Your assignment |
Copy exactly the line containing "手机摄影构图大全公众号,手机摄影构图取景技巧" and all the lines that follow it to the end of the records, minus the pictures.

Exercise data |

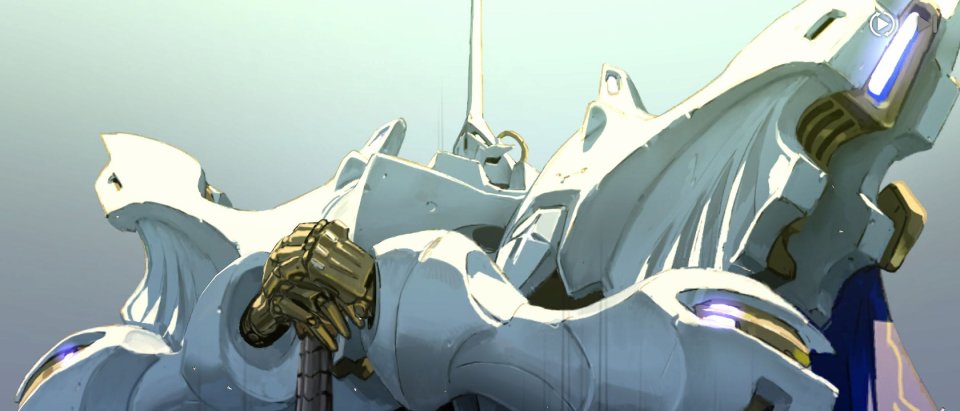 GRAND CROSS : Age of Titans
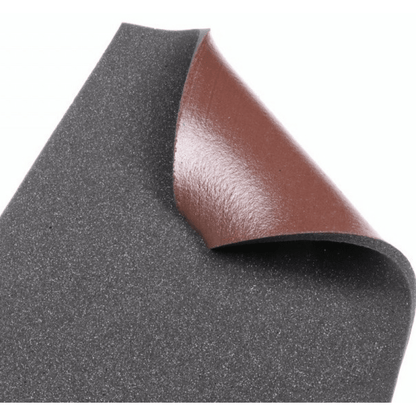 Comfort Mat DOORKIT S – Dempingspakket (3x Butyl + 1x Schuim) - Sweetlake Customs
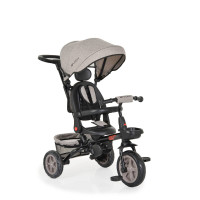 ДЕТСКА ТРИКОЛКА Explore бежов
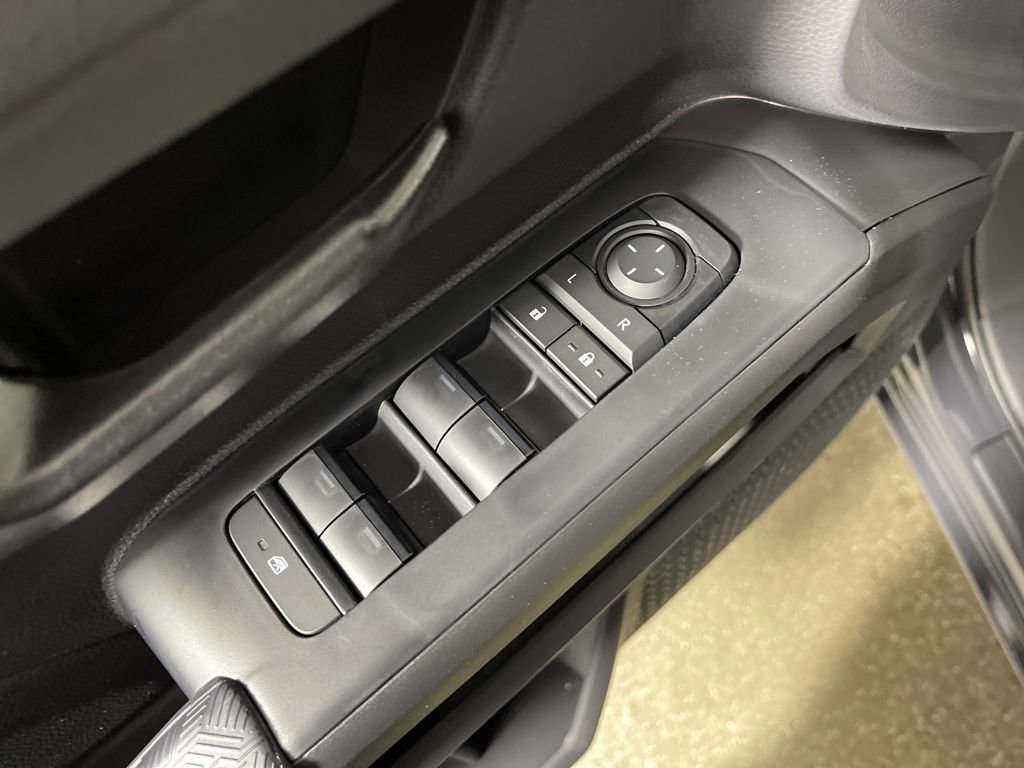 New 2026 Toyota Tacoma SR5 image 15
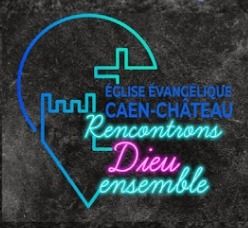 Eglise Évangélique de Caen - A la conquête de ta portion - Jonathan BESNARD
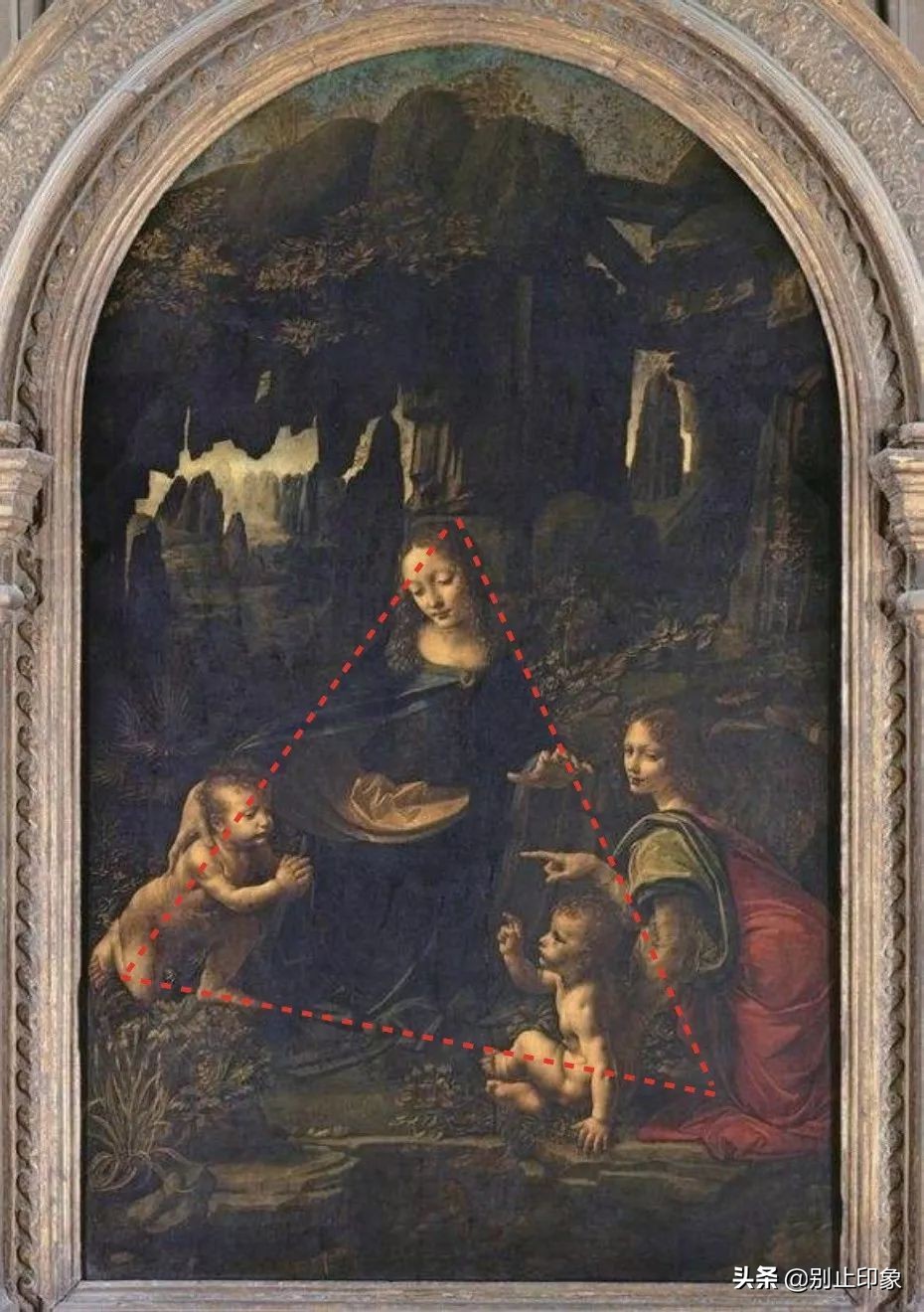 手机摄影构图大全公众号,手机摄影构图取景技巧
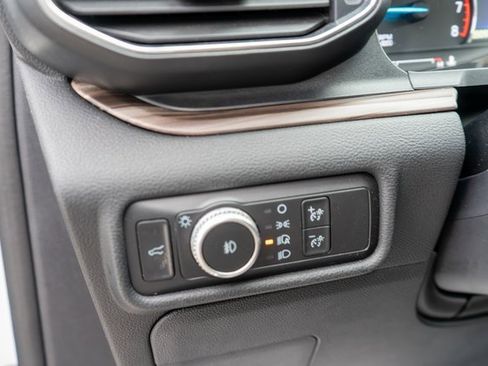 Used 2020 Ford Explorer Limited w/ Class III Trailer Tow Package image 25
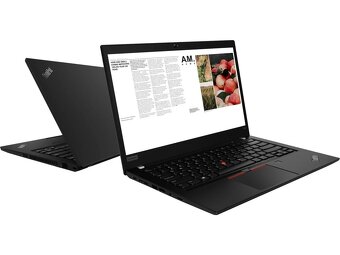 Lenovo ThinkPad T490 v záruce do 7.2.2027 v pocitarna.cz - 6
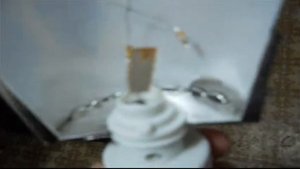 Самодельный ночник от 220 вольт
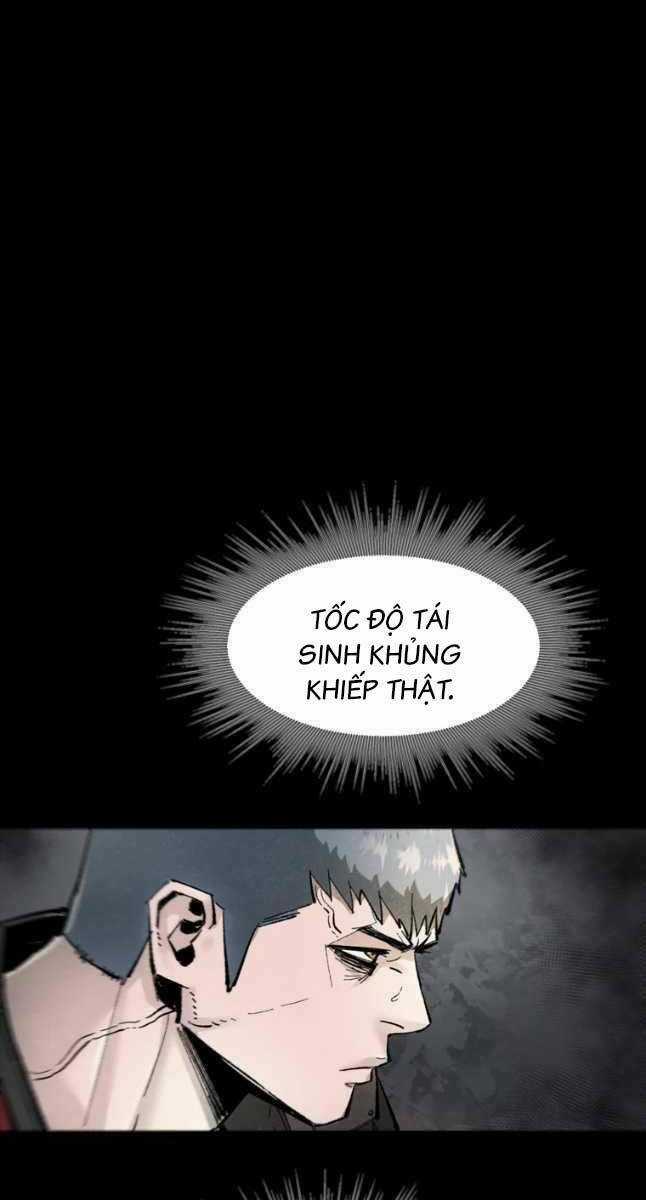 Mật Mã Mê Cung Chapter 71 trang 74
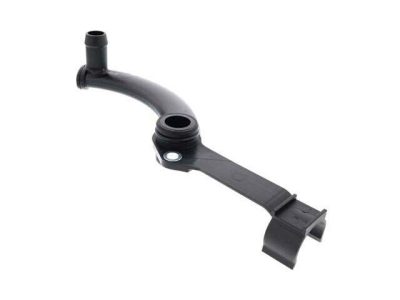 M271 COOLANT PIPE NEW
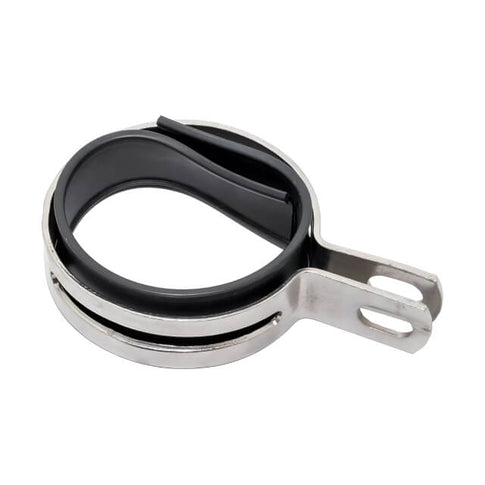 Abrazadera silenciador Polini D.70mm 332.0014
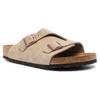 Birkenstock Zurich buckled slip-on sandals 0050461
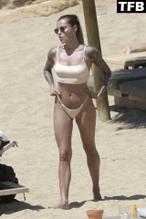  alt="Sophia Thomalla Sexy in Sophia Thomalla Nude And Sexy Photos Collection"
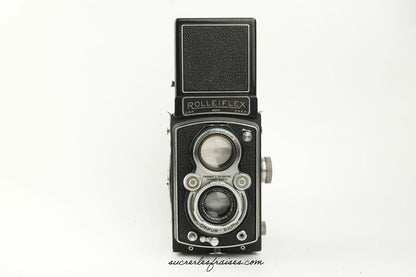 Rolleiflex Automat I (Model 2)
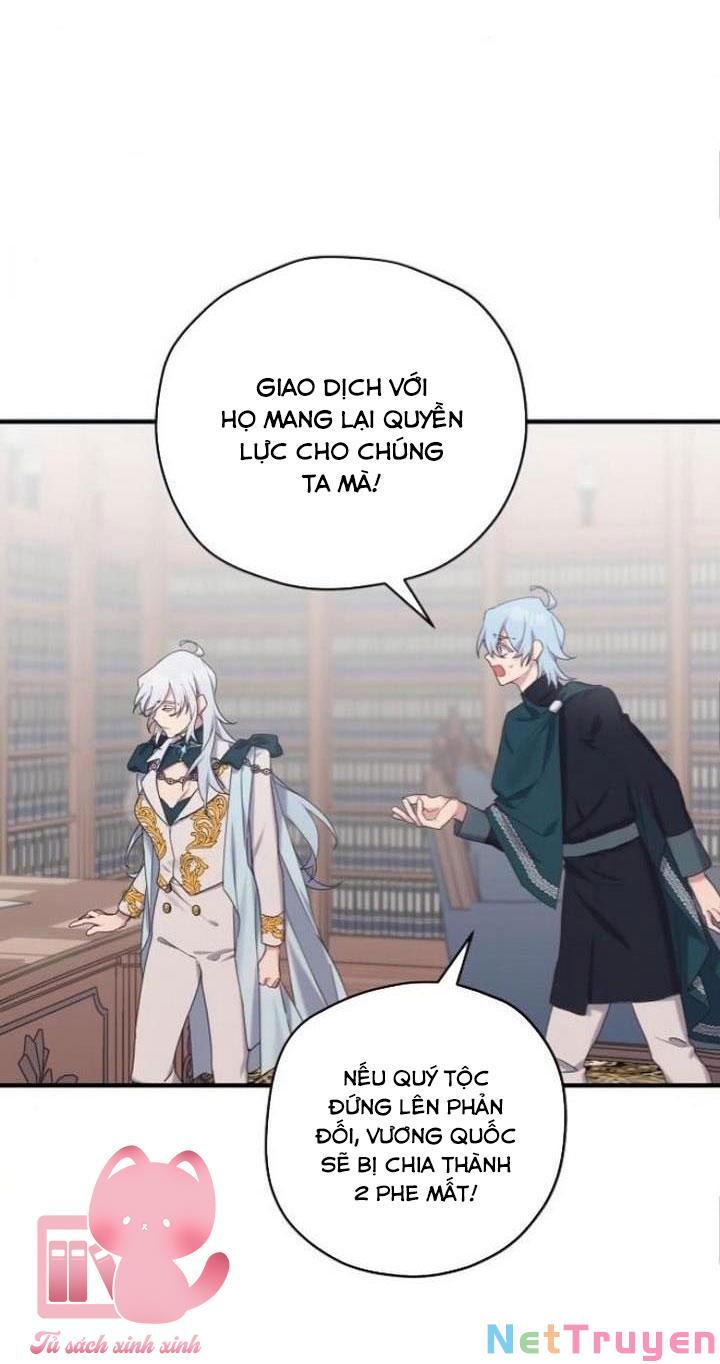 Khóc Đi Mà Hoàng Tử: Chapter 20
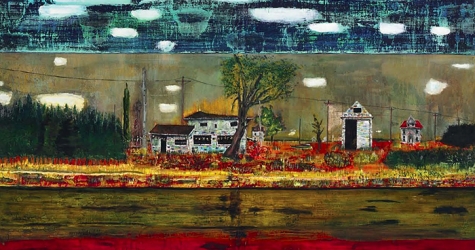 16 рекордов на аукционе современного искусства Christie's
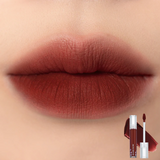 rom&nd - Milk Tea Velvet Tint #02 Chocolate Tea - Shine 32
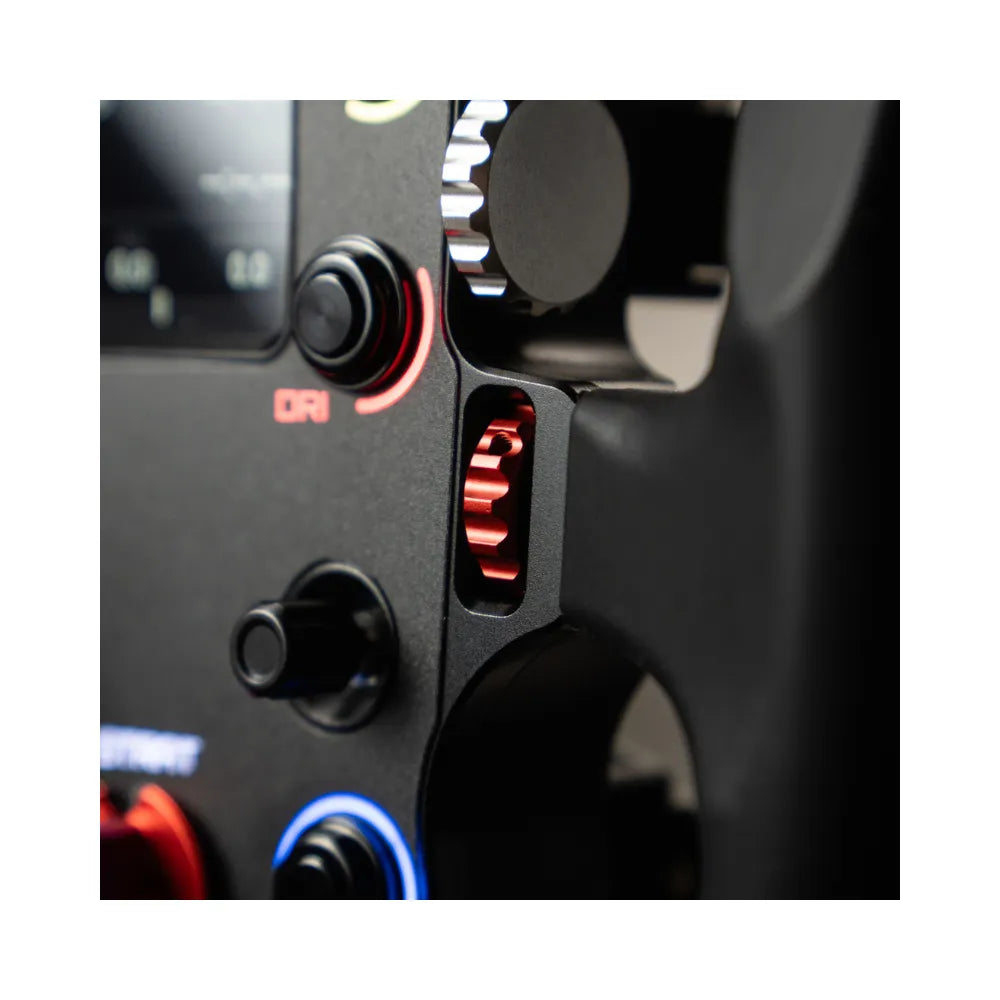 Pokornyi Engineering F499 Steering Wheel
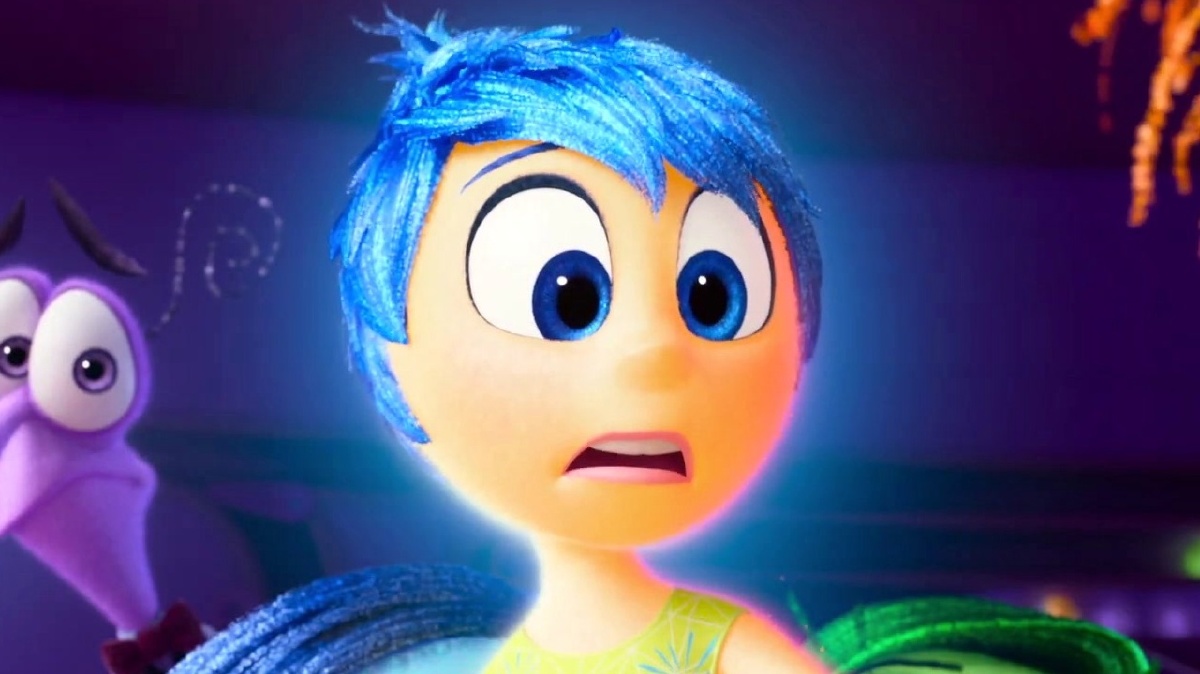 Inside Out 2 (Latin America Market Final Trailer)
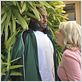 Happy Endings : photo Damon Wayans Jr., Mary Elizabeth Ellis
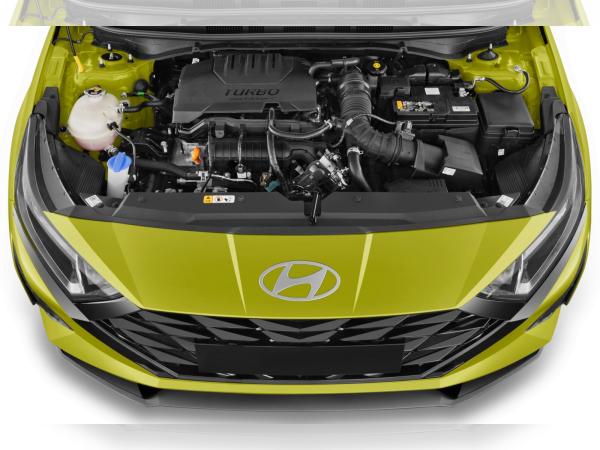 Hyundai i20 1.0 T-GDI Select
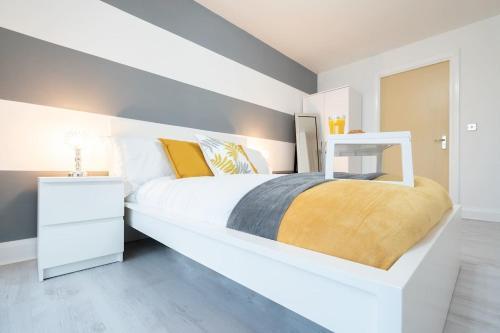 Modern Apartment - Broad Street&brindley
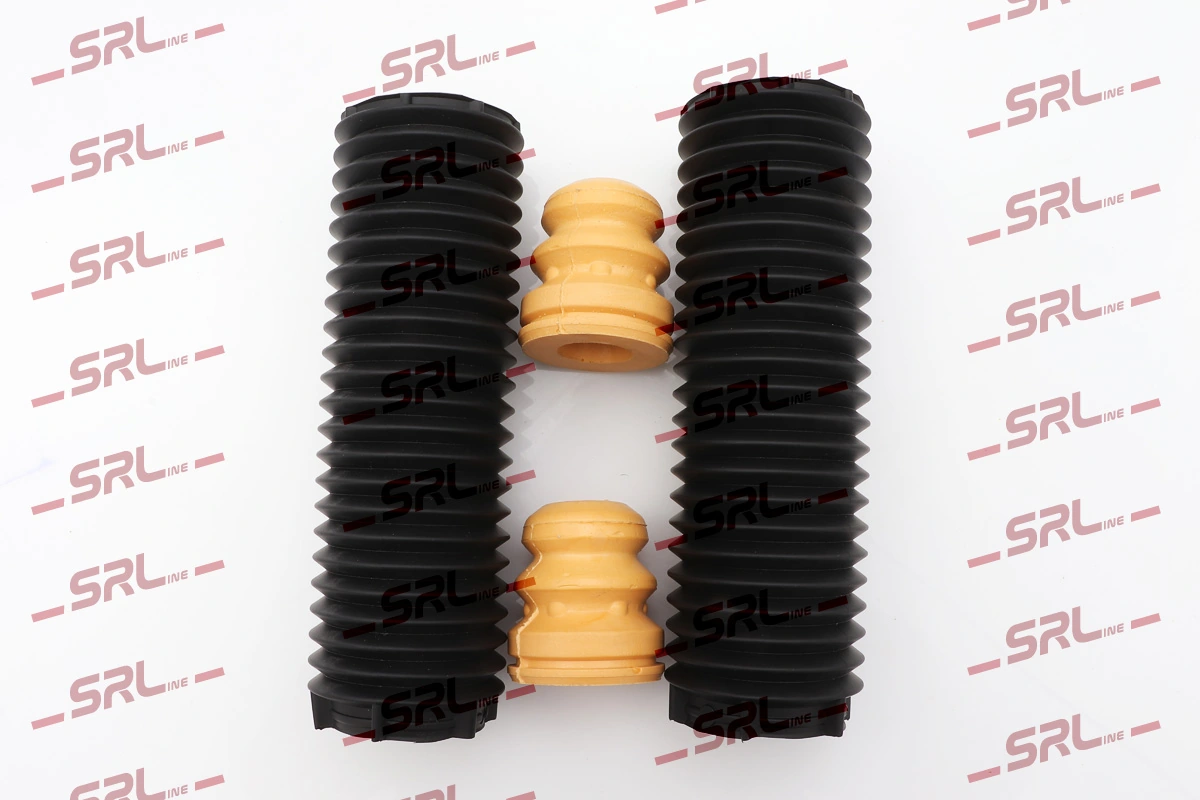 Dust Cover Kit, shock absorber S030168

Output of the exercise |
 手机摄影构图大全公众号,手机摄影构图取景技巧
 Used 2020 Ford Explorer Limited w/ Class III Trailer Tow Package image 25
 Lenovo ThinkPad T490 v záruce do 7.2.2027 v pocitarna.cz - 6
 Самодельный ночник от 220 вольт
 Mật Mã Mê Cung Chapter 71 trang 74
 M271 COOLANT PIPE NEW
 Abrazadera silenciador Polini D.70mm 332.0014
 Birkenstock Zurich buckled slip-on sandals 0050461
  alt="Sophia Thomalla Sexy in Sophia Thomalla Nude And Sexy Photos Collection"
 Rolleiflex Automat I (Model 2)
 Khóc Đi Mà Hoàng Tử: Chapter 20
 16 рекордов на аукционе современного искусства Christie's
 rom&nd - Milk Tea Velvet Tint #02 Chocolate Tea - Shine 32
 Pokornyi Engineering F499 Steering Wheel
 Inside Out 2 (Latin America Market Final Trailer)
 Happy Endings : photo Damon Wayans Jr., Mary Elizabeth Ellis
 Hyundai i20 1.0 T-GDI Select
 Modern Apartment - Broad Street&brindley
 Dust Cover Kit, shock absorber S030168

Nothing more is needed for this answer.